Dear Ada I am pleased to hear you are delighted over me going in for my com:  I have spoken to the S. M. about it & he said he would push it forward. I am getting my other stripe when I get back to my Batt: of course it may probably take a month or two before I am sent home as I have to get my papers filled in, so please don’t  say anything to anyone as I don’t want anyone to know anything about my business you know what people are.

I am pleased to hear Horace is quite well please remember me to him & how is his brother Harry.  I have never heard from him since I left home.  I have received George’s photo quite safe & waiting for one from the others.

Has Mother got her false teeth yet I hope so, I bet she don’t half look pretty & what about Auntie’s hair is that growing.

Well dear Ada I think I must now sign off please remember me to all at home also Dad and Tom when you write.

Accept my ever fondest love yourself also

I Remain your Loving Brother Wally

PS How is trade? For Harold XXXX

Good night & God Bless you all

Write to the same address as I expect I shall be back with my Batt in 3 or 4 days.

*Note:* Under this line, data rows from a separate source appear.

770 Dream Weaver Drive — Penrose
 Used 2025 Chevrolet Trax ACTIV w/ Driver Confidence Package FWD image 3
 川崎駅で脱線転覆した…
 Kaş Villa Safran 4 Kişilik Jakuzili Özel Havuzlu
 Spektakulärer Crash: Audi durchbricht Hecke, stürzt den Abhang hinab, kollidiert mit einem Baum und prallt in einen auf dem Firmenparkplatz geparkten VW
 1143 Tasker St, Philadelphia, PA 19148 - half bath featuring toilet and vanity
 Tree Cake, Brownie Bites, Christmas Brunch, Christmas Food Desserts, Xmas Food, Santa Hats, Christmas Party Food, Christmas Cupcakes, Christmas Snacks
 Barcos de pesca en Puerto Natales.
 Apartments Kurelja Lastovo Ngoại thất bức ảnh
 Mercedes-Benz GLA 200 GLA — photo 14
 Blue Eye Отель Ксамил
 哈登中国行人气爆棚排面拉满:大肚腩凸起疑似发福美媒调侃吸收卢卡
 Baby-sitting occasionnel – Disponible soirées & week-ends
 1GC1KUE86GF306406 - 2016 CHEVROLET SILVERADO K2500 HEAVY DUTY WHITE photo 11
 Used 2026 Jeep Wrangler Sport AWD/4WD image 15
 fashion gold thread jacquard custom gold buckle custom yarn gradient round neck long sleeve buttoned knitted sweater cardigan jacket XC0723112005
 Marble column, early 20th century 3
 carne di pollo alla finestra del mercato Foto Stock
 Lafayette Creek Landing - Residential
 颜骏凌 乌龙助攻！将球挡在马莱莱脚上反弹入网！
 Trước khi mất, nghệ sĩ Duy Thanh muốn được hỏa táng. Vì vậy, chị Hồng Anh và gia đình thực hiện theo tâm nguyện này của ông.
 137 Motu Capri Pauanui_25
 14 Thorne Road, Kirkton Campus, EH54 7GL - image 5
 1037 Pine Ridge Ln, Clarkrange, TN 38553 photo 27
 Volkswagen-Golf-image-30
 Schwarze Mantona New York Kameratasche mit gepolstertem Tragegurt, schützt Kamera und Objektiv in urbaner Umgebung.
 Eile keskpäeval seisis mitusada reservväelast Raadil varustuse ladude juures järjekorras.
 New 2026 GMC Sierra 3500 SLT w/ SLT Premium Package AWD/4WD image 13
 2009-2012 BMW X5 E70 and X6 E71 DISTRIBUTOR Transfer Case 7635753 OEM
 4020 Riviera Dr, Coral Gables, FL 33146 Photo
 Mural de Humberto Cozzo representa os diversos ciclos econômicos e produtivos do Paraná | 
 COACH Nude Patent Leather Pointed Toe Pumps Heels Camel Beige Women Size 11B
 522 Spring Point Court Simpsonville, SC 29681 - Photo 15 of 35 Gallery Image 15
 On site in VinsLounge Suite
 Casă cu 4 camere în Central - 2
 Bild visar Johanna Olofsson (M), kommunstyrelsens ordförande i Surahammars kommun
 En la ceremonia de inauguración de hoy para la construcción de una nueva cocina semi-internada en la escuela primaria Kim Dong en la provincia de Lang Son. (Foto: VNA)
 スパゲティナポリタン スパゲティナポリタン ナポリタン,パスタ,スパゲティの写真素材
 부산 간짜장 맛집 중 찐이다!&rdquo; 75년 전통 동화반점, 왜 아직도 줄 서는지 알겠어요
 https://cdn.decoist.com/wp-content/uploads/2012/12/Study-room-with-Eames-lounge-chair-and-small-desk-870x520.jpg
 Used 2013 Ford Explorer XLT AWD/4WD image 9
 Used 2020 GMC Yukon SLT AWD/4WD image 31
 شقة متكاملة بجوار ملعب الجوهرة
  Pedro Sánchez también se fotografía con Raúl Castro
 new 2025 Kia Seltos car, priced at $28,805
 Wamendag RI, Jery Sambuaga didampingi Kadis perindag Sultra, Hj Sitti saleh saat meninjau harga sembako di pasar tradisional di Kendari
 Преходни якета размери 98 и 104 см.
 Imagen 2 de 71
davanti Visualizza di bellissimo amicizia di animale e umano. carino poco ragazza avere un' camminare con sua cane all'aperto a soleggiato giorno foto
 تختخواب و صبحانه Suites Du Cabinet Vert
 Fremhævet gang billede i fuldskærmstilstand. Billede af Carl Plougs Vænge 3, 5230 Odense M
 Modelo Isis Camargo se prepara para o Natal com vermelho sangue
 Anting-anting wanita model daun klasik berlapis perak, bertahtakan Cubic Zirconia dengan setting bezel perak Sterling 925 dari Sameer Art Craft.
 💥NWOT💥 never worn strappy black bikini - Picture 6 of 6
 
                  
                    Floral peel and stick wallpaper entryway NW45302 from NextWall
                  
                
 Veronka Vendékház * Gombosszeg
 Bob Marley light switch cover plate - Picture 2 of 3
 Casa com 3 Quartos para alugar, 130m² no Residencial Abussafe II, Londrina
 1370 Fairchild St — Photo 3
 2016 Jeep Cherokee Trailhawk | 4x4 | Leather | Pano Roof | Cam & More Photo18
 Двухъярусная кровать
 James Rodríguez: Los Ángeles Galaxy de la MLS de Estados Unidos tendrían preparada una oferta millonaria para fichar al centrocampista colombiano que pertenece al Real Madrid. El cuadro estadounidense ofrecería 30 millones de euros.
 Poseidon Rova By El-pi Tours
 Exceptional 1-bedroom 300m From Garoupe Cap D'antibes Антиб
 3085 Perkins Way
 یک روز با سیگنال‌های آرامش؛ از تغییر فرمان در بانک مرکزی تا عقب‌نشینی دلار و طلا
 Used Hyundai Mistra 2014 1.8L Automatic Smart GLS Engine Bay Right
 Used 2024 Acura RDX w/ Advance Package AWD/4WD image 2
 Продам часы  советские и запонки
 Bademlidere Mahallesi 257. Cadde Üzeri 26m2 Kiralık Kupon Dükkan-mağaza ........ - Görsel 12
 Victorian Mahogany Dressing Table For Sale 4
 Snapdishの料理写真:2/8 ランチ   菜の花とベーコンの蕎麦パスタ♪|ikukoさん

Walter was the son of Hubert and Annie Davis who ran a shop at 7 Ivy Street, Worcester. His father was a stonemason. He had six siblings: Ada, Hubert, Lily, Anne Elizabeth, Dorothy and Harold. His name is on the Worcester/Worcestershire roll of honour for army casualties in Worcester Cathedral and on the war memorial at St Stephen’s Church in Droitwich Road.

Almost a century later and Walter is not forgotten. This June his maternal great nephew, Stephen Smith, 58, originally from Worcester, and friends Jimmy Currie and David Smith from Kirkconnel in Scotland got on their bikes. Their shared passion for Harleys and three great uncles buried in French war graves between them fuelled this road trip.  It took two years to plan, covered 2000 miles, through six countries deliberately including Germany.

Initially their journey took them from Kirkconnel to the ferry in Hull, on to Zeebrugge in Belgium and then to the British Military Cemetery at Proville in France. This is the final resting place of Jimmy’s great uncle Roderick (Roddy) Campbell McKnight, a bugler. They laid the poppies at his grave. Roddy was only 20-years-old.

The trio arrived in Prospect Hill Cemetery, near Gouy in France to find Walter.

This was a much bigger cemetery - with a book for visitors to sign and another book giving each soldier’s name and plot number.  Research having been done the three men quickly found Walter, stood at his grave and paid their respects.

Stephen said: “I just lent over and patted the headstone. It was like it was part of me and part of our whole family. There was a real sense of it being right that we were there.  It was journey’s end.”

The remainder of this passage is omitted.